The problem here is just that you don't, in general, know what the compiler will assume -- so any code that uses this kind of technique would need to be carefully measured (and possibly monitored over time if the context changes).

I test it on Mac according #Blagovest Buyukliev and #Ciro.

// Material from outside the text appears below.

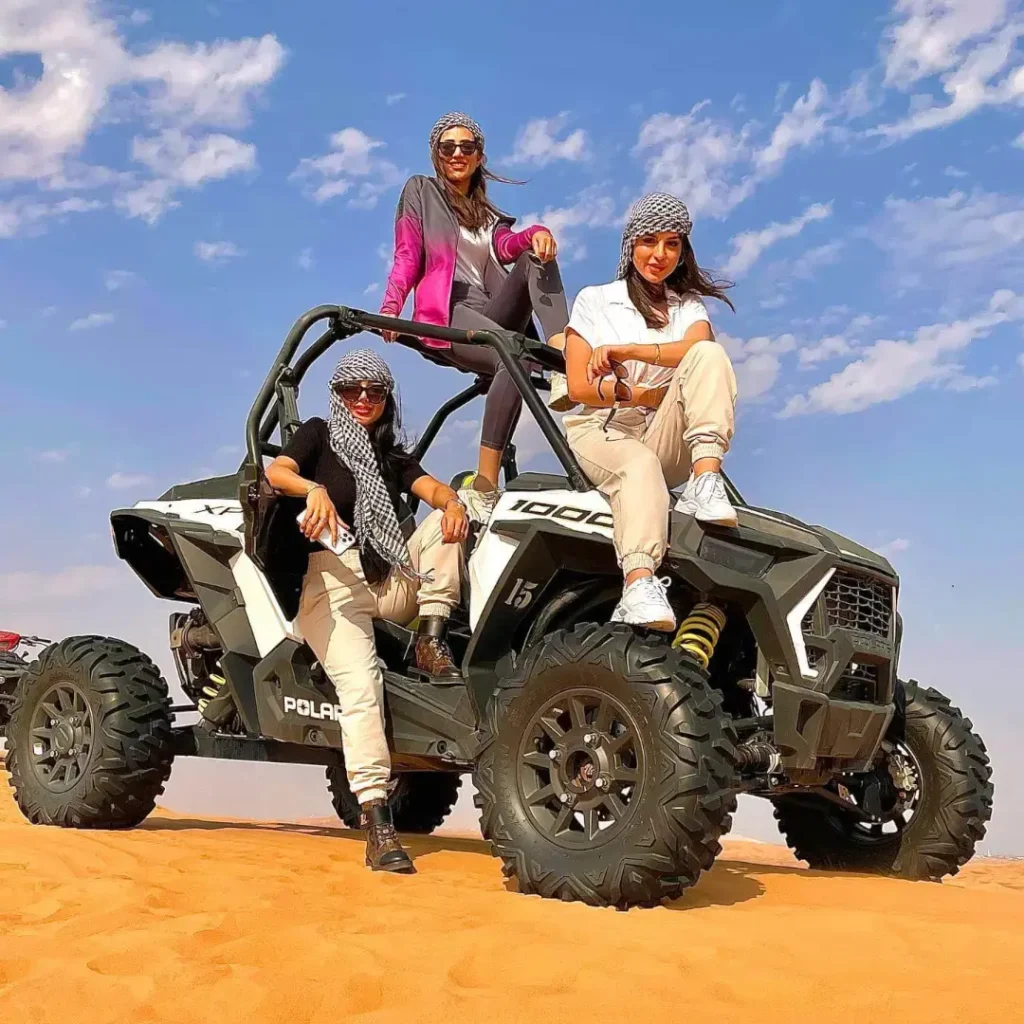 emirates-dunebuggy-safari-dubai-tourism-packages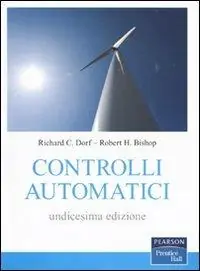 Controlli automatici Spedizione Espresso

The assembles look clear and I add comments;
Commands are
gcc -c -O3 -std=gnu11 testOpt.c; otool -tVI testOpt.o
When I use -O3 ， it looks the same no matter the __builtin_expect(i, 0) exist or not.
testOpt.o:
(__TEXT,__text) section
_main:
0000000000000000 pushq %rbp
0000000000000001 movq %rsp, %rbp // open function stack
0000000000000004 xorl %edi, %edi // set time args 0 (NULL)
0000000000000006 callq _time // call time(NULL)
000000000000000b testq %rax, %rax // check time(NULL) result
000000000000000e je 0x14 // jump 0x14 if testq result = 0， namely jump to puts
0000000000000010 xorl %eax, %eax // return 0 , return appear first
0000000000000012 popq %rbp // return 0
0000000000000013 retq // return 0
0000000000000014 leaq 0x9(%rip), %rdi ## literal pool for: "a" // puts part, afterwards
000000000000001b callq _puts
0000000000000020 xorl %eax, %eax
0000000000000022 popq %rbp
0000000000000023 retq
When compile with -O2 ， it looks different with and without __builtin_expect(i, 0)
First without
testOpt.o:
(__TEXT,__text) section
_main:
0000000000000000 pushq %rbp
0000000000000001 movq %rsp, %rbp
0000000000000004 xorl %edi, %edi
0000000000000006 callq _time
000000000000000b testq %rax, %rax
000000000000000e jne 0x1c // jump to 0x1c if not zero, then return
0000000000000010 leaq 0x9(%rip), %rdi ## literal pool for: "a" // put part appear first , following jne 0x1c
0000000000000017 callq _puts
000000000000001c xorl %eax, %eax // return part appear afterwards
000000000000001e popq %rbp
000000000000001f retq
Now with __builtin_expect(i, 0)
testOpt.o:
(__TEXT,__text) section
_main:
0000000000000000 pushq %rbp
0000000000000001 movq %rsp, %rbp
0000000000000004 xorl %edi, %edi
0000000000000006 callq _time
000000000000000b testq %rax, %rax
000000000000000e je 0x14 // jump to 0x14 if zero then put. otherwise return
0000000000000010 xorl %eax, %eax // return appear first
0000000000000012 popq %rbp
0000000000000013 retq
0000000000000014 leaq 0x7(%rip), %rdi ## literal pool for: "a"
000000000000001b callq _puts
0000000000000020 jmp 0x10
To summarize, __builtin_expect works in the last case.

In most of the cases, you should leave the branch prediction as it is and you do not need to worry about it.
One case where it is beneficial is CPU intensive algorithms with a lot of branching. In some cases, the jumps could lead the to exceed the current CPU program cache making the CPU wait for the next part of the software to run. By pushing the unlikely branches at the end, you will keep your memory close and only jump for unlikely cases.